Belasan surat tiba di Sekretariat KontraS Aceh, dan kemudian ditempel di sebuah papan. Surat dikirim dari warga yang sebelumnya menjadi korban langsung dari konflik Aceh. Ada perempuan kehilangan suami, ada anak kehilangan ayah. Isi surat sebagian besar sama, mereka masih bermimpi akan adanya perhatian dan kepedulian dari pemerintah untuk mereka, paling tidak pemulihan hak-hak korban.
Salah satu surat itu berasal dari Ema, warga Bener Meriah. Isinya selain sedikit flashback masa lalu, ia juga menekankan agar bisa memberi perhatian kepada semua korban konflik, tidak hanya mengumpulkan data-data saja, dan data itu hanya dimanfaatkan untuk kepentingan pribadi, bukan dengan sigap memulihkan kondisi korban.
“ Kehadiran pemerintah memang sudah ada, namun kehadiran mereka seolah hanya mementingkan data kami, tanpa ada tindak lanjutnya yang jelas, tapi kami tetap berusaha untuk bisa bangkit tanpa harus berharap kepada siapapun, kami sekeluarga harus bangkit dari keterpurukan,” isi sebagian dari surat Ema.

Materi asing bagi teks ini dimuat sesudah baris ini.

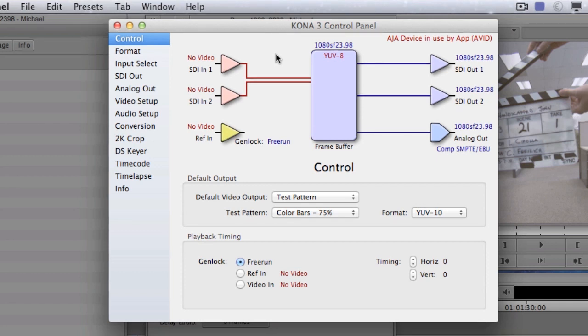Another benefit of using these cards is to actually get hardware acceleration built on the card. For example, if you were to use a Bluefish 444 card, they have 12-bit processing and do a lot of the heavy lifting on the card. Whereas if you go down the line to other brands, they may not have as much processing or as higher bitrate on the card. So, always choose your card wisely.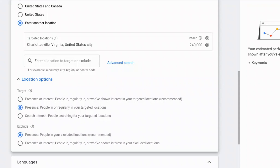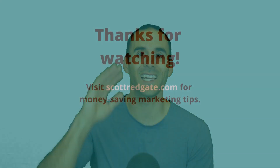I see a lot of accounts get that wrong and then get clicks from other regions, left scratching their head thinking why did this happen. Well, this is why — you were targeting presence or interest instead of presence. I hope that little tutorial was helpful for you. If you're looking for more money-saving marketing tips, visit scottredgate.com. It would mean so much to me if you could like this video and subscribe to my channel to give me a little momentum in the YouTube algorithm. Thank you so much for watching. Take care.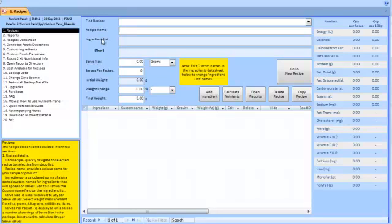Welcome to this demonstration of Nutrient Panel. We will enter a recipe for basil pesto.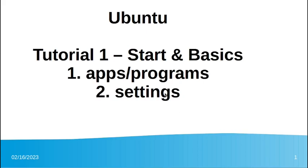Hello, this is the first tutorial in Ubuntu, about Ubuntu, the operating system of the laptop or computer that you are using now. It's about some basics and the programs, the settings that are available in Ubuntu.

Ema, membacakannya langsung dihadapan pengunjung kegiatan Letter of Hope di Sekretariat KontraS Aceh, Sabtu lalu.
Letter of Hope, memang kegiatan mengingat 17 tahun Damai Aceh, namun khusus ditujukan pada generasi muda, agar mereka bisa memahami sejarah yang pernah terjadi di Aceh.
Pada aksi Letter of Hope, Koordinator KontraS, Hendra Saputra,masih banyak pekerjaan rumah yang harus diselesaikan oleh pemerintah untuk memulihkan hak-hak korban konflik di Aceh. “Sudah 17 tahun, seharusnya 2/3 bagian dari upaya pemulihan itu sudah selesai, tinggal menyelesaikan sisanya saja, tapi ini justru masih banyak pekerjaan rumah yang masih menumpuk belum diselesaikan,” jelas Hendra.

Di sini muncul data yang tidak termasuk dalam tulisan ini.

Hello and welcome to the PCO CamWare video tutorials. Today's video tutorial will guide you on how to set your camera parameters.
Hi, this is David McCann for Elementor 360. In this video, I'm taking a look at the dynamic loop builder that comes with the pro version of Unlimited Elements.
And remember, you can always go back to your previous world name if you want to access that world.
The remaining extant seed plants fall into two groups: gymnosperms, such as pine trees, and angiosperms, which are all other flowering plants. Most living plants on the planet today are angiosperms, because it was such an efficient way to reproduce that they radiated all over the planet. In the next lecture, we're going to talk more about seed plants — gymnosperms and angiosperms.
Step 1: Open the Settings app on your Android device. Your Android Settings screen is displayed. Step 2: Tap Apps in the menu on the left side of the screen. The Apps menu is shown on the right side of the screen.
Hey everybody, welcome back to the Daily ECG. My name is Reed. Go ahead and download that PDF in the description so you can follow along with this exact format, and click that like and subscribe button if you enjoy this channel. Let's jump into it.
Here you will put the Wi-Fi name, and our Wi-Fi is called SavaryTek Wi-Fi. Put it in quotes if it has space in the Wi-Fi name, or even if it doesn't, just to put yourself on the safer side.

“ Coba saja cek, yang hari ini yang diharapkan oleh korban itu bukanlah bantuan sosial, tapi pengakuan terhadap hak-hak mereka, karena kalau kita berkata atas nama hak, maka satu-satunya hak mereka adalah untuk mengetahui kenapa mereka dipenuhi haknya,” ujarnya.
Yang juga perlu dilakukan sebagai upaya pemenuhan hak korban, sebut Hendra, adalah pemulihan. “ Seperti yang kita dengar dalam diskusi ini, ternyata upaya pemulihan terhadap korban itu masih jauh. Korban masih banyak yang trauma, dan harusnya negara hadir untuk melakukan pemulihan trauma ini, karena upaya pemulihan trauma ini tidak bisa dilakukan mandiri oleh korban,” katanya
Hendra Saputra juga menegaskan ada satu catatan penting pada 17 tahun damai aceh, yang perlu digaris bawahi dalam pemenuhan HAM yang ada pada MoU Helsinki. “ Yaitu, pembentukan pengadilan HAM untuk penyelsaian kasus-kasus pelanggaran HAM di Aceh. Meskipun pemerintah sudah membentuk KKR di Aceh tahun 2016, tapi belum jelas terlihat itikad baik pemerintah, sejauh mana upaya baik pemerintah, karena KKR dari awal tidak diberi dukungan yang maksimal, sehingga proses-proses pendokumentasian korban tidak bisa berjalan optimal,” kata Hendra.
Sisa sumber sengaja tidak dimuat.